Extracted data entries
****************

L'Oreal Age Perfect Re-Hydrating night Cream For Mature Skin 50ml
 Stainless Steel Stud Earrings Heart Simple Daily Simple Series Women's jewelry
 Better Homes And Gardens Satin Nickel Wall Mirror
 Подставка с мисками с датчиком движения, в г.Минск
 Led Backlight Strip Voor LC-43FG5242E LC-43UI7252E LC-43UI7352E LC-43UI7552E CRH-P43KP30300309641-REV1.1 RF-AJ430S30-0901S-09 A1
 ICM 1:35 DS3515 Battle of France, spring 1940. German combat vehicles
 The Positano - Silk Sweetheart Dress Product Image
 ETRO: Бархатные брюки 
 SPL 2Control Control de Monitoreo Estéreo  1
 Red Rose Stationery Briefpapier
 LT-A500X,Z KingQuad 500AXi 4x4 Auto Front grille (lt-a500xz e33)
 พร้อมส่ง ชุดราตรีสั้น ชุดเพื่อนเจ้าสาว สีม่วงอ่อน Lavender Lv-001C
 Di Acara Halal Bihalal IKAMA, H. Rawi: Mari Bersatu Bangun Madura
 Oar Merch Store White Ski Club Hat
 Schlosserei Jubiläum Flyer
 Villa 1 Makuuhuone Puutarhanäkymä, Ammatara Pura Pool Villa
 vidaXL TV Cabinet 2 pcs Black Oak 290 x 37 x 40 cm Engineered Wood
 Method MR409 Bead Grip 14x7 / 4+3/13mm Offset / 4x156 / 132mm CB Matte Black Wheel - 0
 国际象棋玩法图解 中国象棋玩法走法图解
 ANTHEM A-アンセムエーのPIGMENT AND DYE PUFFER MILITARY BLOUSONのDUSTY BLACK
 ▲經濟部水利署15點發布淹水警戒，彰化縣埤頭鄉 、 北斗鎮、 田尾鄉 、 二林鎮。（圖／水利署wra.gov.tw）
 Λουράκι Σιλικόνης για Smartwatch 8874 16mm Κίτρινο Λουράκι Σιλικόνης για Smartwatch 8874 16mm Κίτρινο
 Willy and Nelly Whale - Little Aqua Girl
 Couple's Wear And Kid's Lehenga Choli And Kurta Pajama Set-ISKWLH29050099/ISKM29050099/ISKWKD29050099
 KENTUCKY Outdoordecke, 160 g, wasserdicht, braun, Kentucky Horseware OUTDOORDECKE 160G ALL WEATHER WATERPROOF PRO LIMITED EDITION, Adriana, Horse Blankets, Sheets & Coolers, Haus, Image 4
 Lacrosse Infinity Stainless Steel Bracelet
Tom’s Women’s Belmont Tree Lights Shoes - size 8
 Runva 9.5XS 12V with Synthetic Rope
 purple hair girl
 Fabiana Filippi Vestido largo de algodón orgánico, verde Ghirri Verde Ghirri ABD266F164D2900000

****************

WORK ORDER:
Transcribe the data above in its entirety, exactly.

SOLUTION BELOW:
L'Oreal Age Perfect Re-Hydrating night Cream For Mature Skin 50ml
 Stainless Steel Stud Earrings Heart Simple Daily Simple Series Women's jewelry
 Better Homes And Gardens Satin Nickel Wall Mirror
 Подставка с мисками с датчиком движения, в г.Минск
 Led Backlight Strip Voor LC-43FG5242E LC-43UI7252E LC-43UI7352E LC-43UI7552E CRH-P43KP30300309641-REV1.1 RF-AJ430S30-0901S-09 A1
 ICM 1:35 DS3515 Battle of France, spring 1940. German combat vehicles
 The Positano - Silk Sweetheart Dress Product Image
 ETRO: Бархатные брюки 
 SPL 2Control Control de Monitoreo Estéreo  1
 Red Rose Stationery Briefpapier
 LT-A500X,Z KingQuad 500AXi 4x4 Auto Front grille (lt-a500xz e33)
 พร้อมส่ง ชุดราตรีสั้น ชุดเพื่อนเจ้าสาว สีม่วงอ่อน Lavender Lv-001C
 Di Acara Halal Bihalal IKAMA, H. Rawi: Mari Bersatu Bangun Madura
 Oar Merch Store White Ski Club Hat
 Schlosserei Jubiläum Flyer
 Villa 1 Makuuhuone Puutarhanäkymä, Ammatara Pura Pool Villa
 vidaXL TV Cabinet 2 pcs Black Oak 290 x 37 x 40 cm Engineered Wood
 Method MR409 Bead Grip 14x7 / 4+3/13mm Offset / 4x156 / 132mm CB Matte Black Wheel - 0
 国际象棋玩法图解 中国象棋玩法走法图解
 ANTHEM A-アンセムエーのPIGMENT AND DYE PUFFER MILITARY BLOUSONのDUSTY BLACK
 ▲經濟部水利署15點發布淹水警戒，彰化縣埤頭鄉 、 北斗鎮、 田尾鄉 、 二林鎮。（圖／水利署wra.gov.tw）
 Λουράκι Σιλικόνης για Smartwatch 8874 16mm Κίτρινο Λουράκι Σιλικόνης για Smartwatch 8874 16mm Κίτρινο
 Willy and Nelly Whale - Little Aqua Girl
 Couple's Wear And Kid's Lehenga Choli And Kurta Pajama Set-ISKWLH29050099/ISKM29050099/ISKWKD29050099
 KENTUCKY Outdoordecke, 160 g, wasserdicht, braun, Kentucky Horseware OUTDOORDECKE 160G ALL WEATHER WATERPROOF PRO LIMITED EDITION, Adriana, Horse Blankets, Sheets & Coolers, Haus, Image 4
 Lacrosse Infinity Stainless Steel Bracelet
Tom’s Women’s Belmont Tree Lights Shoes - size 8
 Runva 9.5XS 12V with Synthetic Rope
 purple hair girl
 Fabiana Filippi Vestido largo de algodón orgánico, verde Ghirri Verde Ghirri ABD266F164D2900000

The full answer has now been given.